►

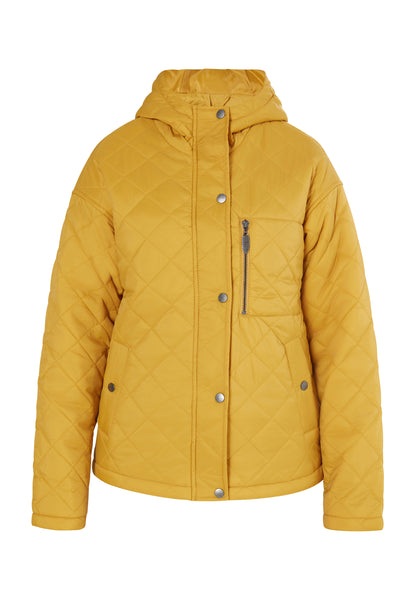 usha Damen Ghtweight Steppjacke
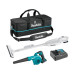 Набор электроинструмента MAKITA CLX 245 SAX1 (UB100D, CL108FD, 1xBL1021, DC10SB)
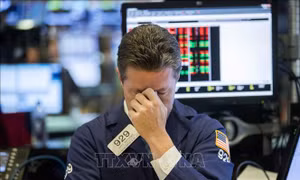 Thị trường chứng khoán trải qua tuần u ám nhất kể từ tháng 3/2018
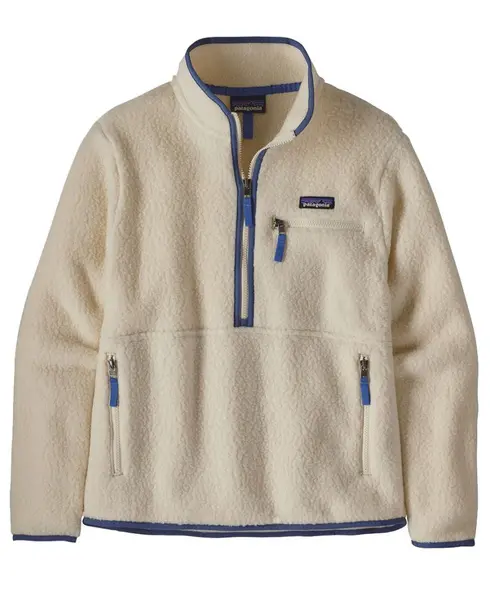 W's Retro Pile Marsupial Natural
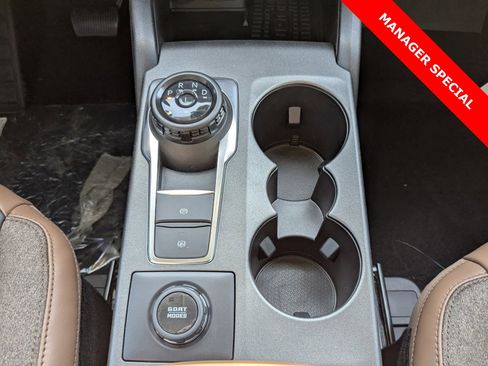 New 2025 Ford Bronco Sport Outer Banks w/ Outer Banks Tech Package+ image 12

◄

▶ EXERCISE DIRECTIONS:
Copy all of the records verbatim, omitting the pictures.

▶ OUTPUT BELOW:
 usha Damen Ghtweight Steppjacke
 Набор электроинструмента MAKITA CLX 245 SAX1 (UB100D, CL108FD, 1xBL1021, DC10SB)
 Thị trường chứng khoán trải qua tuần u ám nhất kể từ tháng 3/2018
 W's Retro Pile Marsupial Natural
 New 2025 Ford Bronco Sport Outer Banks w/ Outer Banks Tech Package+ image 12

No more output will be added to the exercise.